INPUT FOR THIS TASK:
- Opening Delimiter -
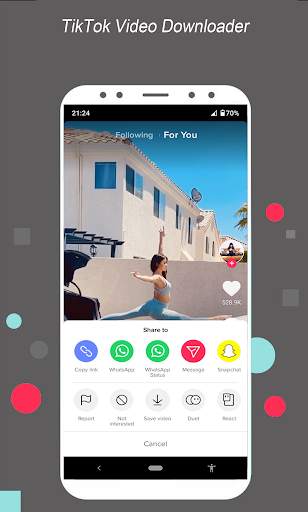 Free TikTok Video Downloader - No Watermark screenshot 2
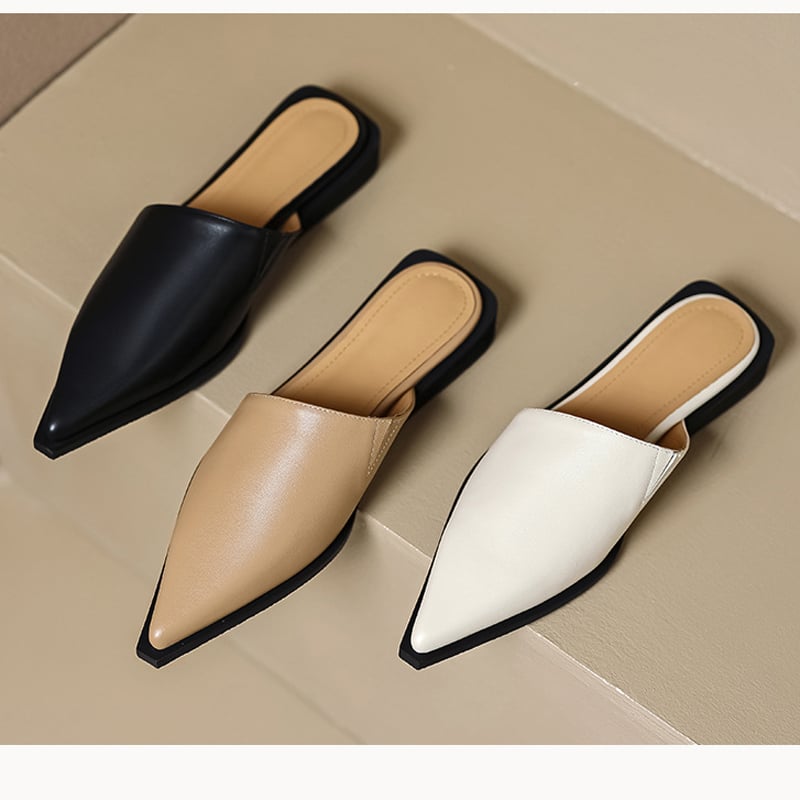 Elara™| Slip Mules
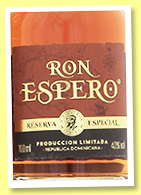 Espero ‘Reserva Especial’ (40%, OB, Dominican Republic, +/-2019) Espero ‘Reserva Especial’ (40%, OB, Dominican Republic, +/-2019)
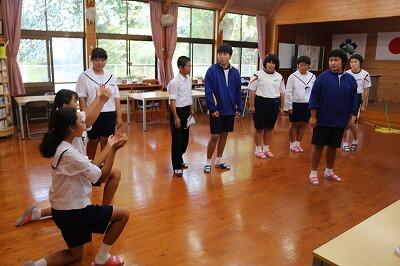 台詞合わせ 台詞合わせ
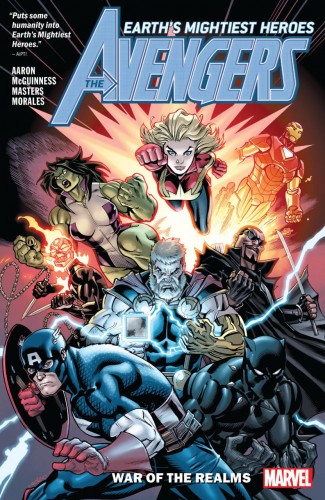 AVENGERS BY JASON AARON VOLUME 4 WAR OF THE REALMS GRAPHIC NOVEL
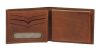  Pánska tmavohnedá kožená peňaženka Rialto 11,5 cm × 9 cm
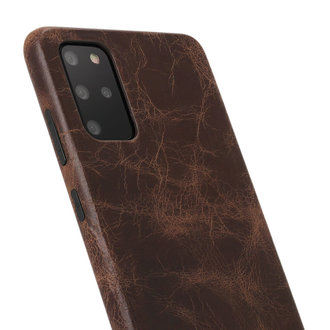 Minim Minim Backcover Galaxy S20+ - Brown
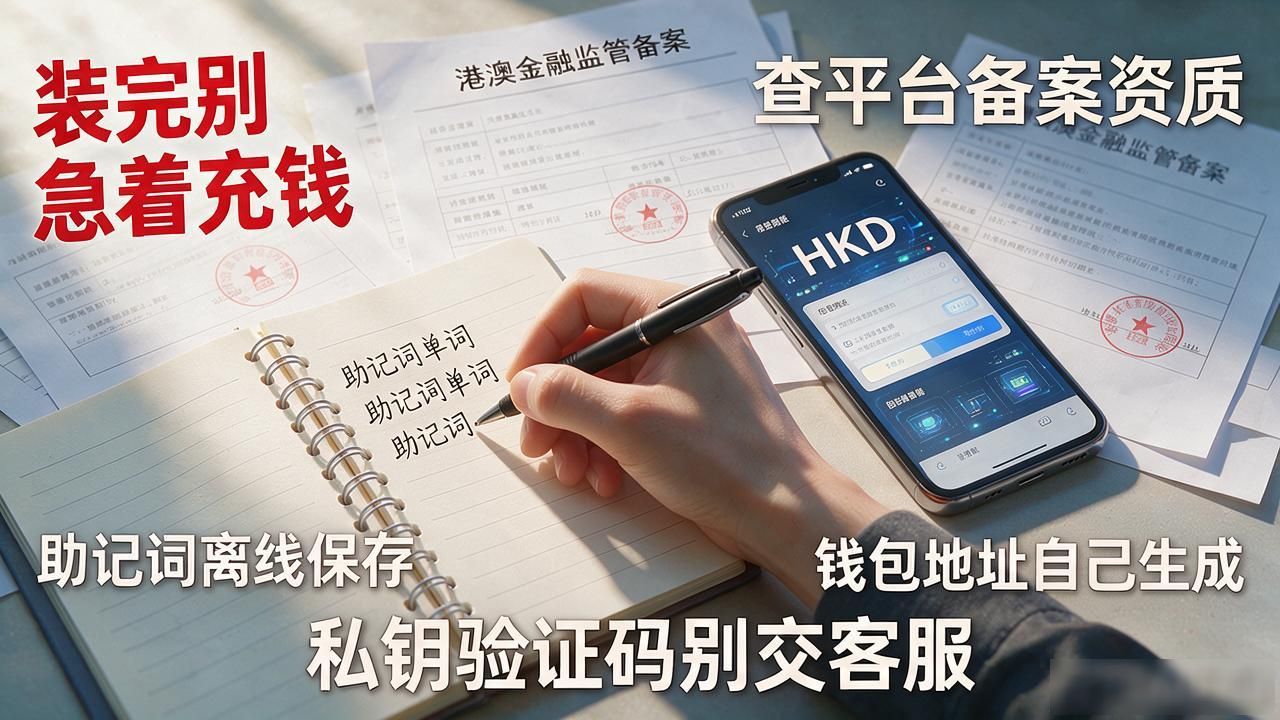 hkd数字货币下载怎么操作？靠谱渠道和避坑要点一次说清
- Closing Delimiter -
WHAT YOU ARE ASKED TO DO: The records above are to be duplicated exactly, pictures left out.

SOLVED EXERCISE:
 Free TikTok Video Downloader - No Watermark screenshot 2
 Elara™| Slip Mules
 Espero ‘Reserva Especial’ (40%, OB, Dominican Republic, +/-2019) Espero ‘Reserva Especial’ (40%, OB, Dominican Republic, +/-2019)
 台詞合わせ 台詞合わせ
 AVENGERS BY JASON AARON VOLUME 4 WAR OF THE REALMS GRAPHIC NOVEL
  Pánska tmavohnedá kožená peňaženka Rialto 11,5 cm × 9 cm
 Minim Minim Backcover Galaxy S20+ - Brown
 hkd数字货币下载怎么操作？靠谱渠道和避坑要点一次说清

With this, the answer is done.